AIM OF THE TASK — Reproduce word for word the lines between those holding "Gallery — Dario Salvi" and "Худи и свитшоты", inclusive, and nothing else from the data below.

EXTRACTED MATERIAL —
□ □ □

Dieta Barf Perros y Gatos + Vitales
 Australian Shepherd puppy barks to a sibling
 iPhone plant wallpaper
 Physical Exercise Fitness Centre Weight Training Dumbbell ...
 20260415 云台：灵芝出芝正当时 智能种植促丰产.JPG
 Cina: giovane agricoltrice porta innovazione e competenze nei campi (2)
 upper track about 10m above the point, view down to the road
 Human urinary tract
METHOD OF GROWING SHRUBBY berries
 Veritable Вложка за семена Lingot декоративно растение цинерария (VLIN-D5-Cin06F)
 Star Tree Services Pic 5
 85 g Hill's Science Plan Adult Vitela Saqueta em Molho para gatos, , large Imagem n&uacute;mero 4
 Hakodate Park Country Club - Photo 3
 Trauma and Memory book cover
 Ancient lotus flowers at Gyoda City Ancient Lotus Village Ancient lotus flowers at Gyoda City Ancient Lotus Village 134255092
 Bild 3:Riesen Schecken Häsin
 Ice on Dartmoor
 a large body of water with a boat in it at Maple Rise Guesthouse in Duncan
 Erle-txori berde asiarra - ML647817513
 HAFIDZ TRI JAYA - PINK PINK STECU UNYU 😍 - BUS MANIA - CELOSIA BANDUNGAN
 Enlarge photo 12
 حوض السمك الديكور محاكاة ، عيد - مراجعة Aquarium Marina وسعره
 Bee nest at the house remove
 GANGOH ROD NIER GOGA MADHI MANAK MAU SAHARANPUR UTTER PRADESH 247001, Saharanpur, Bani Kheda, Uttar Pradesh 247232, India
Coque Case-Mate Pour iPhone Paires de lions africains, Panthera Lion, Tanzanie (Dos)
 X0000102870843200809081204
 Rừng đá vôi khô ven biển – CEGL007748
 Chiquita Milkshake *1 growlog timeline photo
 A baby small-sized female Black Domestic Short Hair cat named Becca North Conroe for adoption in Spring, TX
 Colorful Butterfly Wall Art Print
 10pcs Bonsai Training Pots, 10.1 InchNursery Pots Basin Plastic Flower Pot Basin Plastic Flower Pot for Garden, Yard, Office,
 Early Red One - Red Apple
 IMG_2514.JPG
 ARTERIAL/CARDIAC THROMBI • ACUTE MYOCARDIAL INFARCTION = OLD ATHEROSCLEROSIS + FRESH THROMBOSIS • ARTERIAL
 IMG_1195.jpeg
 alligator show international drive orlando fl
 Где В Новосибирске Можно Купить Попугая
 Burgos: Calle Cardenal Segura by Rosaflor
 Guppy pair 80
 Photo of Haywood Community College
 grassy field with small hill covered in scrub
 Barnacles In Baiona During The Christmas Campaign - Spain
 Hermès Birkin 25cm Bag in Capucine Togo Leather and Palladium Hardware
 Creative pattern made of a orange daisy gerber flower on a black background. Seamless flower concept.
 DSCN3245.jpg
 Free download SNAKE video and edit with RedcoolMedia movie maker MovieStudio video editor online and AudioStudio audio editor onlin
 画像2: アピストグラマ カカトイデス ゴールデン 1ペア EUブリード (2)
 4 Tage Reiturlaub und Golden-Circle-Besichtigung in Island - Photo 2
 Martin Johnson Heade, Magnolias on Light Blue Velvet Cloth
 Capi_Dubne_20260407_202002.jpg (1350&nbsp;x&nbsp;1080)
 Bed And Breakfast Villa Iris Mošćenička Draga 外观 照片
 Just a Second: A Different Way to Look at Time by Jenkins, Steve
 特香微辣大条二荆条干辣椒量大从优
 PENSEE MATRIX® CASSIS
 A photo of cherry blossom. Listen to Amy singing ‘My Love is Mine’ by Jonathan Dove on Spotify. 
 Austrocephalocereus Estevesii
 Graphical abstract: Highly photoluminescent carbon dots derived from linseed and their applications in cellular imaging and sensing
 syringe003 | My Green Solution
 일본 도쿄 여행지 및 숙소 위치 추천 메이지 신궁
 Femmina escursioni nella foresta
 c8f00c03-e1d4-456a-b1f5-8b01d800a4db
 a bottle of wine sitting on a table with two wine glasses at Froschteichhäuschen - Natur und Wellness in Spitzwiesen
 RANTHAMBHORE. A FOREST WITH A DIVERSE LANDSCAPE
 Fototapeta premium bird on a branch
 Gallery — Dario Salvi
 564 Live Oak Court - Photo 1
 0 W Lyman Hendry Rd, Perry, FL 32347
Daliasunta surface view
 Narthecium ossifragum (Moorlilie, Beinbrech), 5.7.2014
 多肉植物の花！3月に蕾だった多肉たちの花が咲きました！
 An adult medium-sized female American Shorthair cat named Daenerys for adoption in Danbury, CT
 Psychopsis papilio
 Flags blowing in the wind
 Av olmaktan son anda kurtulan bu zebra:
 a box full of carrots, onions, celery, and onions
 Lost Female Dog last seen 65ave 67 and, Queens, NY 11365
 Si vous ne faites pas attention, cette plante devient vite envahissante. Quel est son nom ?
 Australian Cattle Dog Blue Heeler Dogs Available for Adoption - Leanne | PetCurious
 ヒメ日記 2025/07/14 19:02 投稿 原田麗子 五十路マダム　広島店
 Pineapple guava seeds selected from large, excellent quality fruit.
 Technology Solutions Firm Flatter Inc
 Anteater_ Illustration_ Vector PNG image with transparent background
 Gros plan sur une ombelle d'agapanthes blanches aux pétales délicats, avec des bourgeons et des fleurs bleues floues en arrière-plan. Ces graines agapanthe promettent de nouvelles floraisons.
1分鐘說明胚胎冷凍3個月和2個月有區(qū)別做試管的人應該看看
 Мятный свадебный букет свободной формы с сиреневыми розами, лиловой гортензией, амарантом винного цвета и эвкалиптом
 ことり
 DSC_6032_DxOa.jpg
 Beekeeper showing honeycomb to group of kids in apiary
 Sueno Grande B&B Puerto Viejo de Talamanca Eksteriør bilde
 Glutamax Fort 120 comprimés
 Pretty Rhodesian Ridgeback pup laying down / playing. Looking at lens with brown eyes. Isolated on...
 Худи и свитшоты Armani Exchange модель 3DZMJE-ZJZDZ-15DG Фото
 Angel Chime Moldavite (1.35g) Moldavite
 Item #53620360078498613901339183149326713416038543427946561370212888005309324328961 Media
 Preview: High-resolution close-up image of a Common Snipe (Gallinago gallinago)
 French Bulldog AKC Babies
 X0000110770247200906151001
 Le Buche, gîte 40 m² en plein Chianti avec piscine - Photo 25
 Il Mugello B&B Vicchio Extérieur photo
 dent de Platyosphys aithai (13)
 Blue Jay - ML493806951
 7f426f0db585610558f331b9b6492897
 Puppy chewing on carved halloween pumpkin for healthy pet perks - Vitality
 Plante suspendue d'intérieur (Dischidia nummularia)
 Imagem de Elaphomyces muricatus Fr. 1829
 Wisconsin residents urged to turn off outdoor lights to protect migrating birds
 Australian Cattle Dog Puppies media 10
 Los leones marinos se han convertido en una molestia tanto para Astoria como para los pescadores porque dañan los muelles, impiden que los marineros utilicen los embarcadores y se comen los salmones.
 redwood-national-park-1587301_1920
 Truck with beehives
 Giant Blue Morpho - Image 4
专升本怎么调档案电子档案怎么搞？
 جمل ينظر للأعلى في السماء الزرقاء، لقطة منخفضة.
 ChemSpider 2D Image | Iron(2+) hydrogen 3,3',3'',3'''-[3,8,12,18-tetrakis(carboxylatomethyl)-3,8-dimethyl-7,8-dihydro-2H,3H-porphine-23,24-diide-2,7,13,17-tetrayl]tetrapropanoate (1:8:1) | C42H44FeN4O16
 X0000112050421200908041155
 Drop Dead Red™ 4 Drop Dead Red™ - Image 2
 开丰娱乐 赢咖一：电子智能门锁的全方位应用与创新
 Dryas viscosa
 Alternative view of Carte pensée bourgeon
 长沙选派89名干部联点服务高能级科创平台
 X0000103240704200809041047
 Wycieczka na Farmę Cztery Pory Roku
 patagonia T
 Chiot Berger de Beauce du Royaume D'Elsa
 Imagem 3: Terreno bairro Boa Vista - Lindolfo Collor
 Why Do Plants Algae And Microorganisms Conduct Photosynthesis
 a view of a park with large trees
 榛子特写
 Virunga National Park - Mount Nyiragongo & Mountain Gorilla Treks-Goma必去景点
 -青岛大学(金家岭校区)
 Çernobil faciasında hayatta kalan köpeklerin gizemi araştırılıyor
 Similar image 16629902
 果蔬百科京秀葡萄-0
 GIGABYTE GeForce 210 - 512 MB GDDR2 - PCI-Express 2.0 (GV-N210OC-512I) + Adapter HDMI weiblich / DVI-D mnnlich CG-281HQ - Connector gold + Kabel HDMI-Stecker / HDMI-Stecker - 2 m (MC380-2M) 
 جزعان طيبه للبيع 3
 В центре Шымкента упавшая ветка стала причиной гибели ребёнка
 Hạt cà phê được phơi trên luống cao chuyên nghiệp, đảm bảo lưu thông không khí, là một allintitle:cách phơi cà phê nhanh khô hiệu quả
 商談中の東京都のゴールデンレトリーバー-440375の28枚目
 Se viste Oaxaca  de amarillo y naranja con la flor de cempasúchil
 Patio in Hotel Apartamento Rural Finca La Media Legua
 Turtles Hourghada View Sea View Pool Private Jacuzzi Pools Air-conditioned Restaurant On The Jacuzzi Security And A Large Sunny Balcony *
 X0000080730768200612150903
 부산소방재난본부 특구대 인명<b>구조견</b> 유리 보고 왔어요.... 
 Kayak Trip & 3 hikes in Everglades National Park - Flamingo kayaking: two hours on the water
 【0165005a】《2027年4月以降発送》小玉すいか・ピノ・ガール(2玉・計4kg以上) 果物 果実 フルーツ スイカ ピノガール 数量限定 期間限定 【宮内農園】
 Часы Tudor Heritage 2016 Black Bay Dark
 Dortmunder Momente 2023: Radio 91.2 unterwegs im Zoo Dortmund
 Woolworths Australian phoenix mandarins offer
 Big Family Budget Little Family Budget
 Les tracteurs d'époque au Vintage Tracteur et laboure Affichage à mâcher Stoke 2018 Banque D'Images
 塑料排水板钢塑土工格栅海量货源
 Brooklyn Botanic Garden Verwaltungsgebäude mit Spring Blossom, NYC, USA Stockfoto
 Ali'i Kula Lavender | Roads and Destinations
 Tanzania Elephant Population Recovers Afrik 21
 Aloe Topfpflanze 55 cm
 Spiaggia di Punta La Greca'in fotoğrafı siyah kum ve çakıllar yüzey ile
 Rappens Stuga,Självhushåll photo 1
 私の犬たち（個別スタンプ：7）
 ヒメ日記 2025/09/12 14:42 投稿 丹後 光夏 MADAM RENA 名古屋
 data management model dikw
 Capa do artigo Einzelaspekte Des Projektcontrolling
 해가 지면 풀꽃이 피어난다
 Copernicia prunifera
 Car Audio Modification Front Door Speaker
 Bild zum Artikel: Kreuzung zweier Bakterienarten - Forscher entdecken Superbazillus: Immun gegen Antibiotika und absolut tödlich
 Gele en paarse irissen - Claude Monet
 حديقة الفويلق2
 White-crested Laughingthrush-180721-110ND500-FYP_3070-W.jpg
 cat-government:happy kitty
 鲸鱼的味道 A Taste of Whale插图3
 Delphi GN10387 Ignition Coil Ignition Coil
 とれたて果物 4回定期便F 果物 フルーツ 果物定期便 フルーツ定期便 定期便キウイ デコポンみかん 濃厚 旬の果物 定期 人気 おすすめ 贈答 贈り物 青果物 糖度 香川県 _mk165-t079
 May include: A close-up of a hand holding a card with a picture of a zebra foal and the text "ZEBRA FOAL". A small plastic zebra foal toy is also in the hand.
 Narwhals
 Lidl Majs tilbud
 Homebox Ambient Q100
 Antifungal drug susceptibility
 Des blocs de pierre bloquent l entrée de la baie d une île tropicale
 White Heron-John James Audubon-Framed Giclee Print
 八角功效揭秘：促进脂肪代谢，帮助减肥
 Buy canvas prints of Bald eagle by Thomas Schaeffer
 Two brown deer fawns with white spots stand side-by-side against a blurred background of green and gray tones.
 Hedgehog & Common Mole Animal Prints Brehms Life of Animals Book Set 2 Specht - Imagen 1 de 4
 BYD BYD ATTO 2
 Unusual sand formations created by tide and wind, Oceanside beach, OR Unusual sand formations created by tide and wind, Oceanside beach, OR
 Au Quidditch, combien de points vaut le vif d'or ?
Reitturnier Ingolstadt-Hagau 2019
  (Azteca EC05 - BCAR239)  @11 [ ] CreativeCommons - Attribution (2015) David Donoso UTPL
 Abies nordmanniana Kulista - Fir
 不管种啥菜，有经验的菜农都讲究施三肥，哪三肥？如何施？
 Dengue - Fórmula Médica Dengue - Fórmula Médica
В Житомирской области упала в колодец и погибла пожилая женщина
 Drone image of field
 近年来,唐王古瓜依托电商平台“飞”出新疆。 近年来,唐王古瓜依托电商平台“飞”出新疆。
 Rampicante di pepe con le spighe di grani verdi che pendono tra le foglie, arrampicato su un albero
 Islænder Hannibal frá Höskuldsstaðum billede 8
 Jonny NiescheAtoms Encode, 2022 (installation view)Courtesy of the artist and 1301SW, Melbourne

□ □ □

SOLVED PROBLEM —
 Gallery — Dario Salvi
 564 Live Oak Court - Photo 1
 0 W Lyman Hendry Rd, Perry, FL 32347
Daliasunta surface view
 Narthecium ossifragum (Moorlilie, Beinbrech), 5.7.2014
 多肉植物の花！3月に蕾だった多肉たちの花が咲きました！
 An adult medium-sized female American Shorthair cat named Daenerys for adoption in Danbury, CT
 Psychopsis papilio
 Flags blowing in the wind
 Av olmaktan son anda kurtulan bu zebra:
 a box full of carrots, onions, celery, and onions
 Lost Female Dog last seen 65ave 67 and, Queens, NY 11365
 Si vous ne faites pas attention, cette plante devient vite envahissante. Quel est son nom ?
 Australian Cattle Dog Blue Heeler Dogs Available for Adoption - Leanne | PetCurious
 ヒメ日記 2025/07/14 19:02 投稿 原田麗子 五十路マダム　広島店
 Pineapple guava seeds selected from large, excellent quality fruit.
 Technology Solutions Firm Flatter Inc
 Anteater_ Illustration_ Vector PNG image with transparent background
 Gros plan sur une ombelle d'agapanthes blanches aux pétales délicats, avec des bourgeons et des fleurs bleues floues en arrière-plan. Ces graines agapanthe promettent de nouvelles floraisons.
1分鐘說明胚胎冷凍3個月和2個月有區(qū)別做試管的人應該看看
 Мятный свадебный букет свободной формы с сиреневыми розами, лиловой гортензией, амарантом винного цвета и эвкалиптом
 ことり
 DSC_6032_DxOa.jpg
 Beekeeper showing honeycomb to group of kids in apiary
 Sueno Grande B&B Puerto Viejo de Talamanca Eksteriør bilde
 Glutamax Fort 120 comprimés
 Pretty Rhodesian Ridgeback pup laying down / playing. Looking at lens with brown eyes. Isolated on...
 Худи и свитшоты Armani Exchange модель 3DZMJE-ZJZDZ-15DG Фото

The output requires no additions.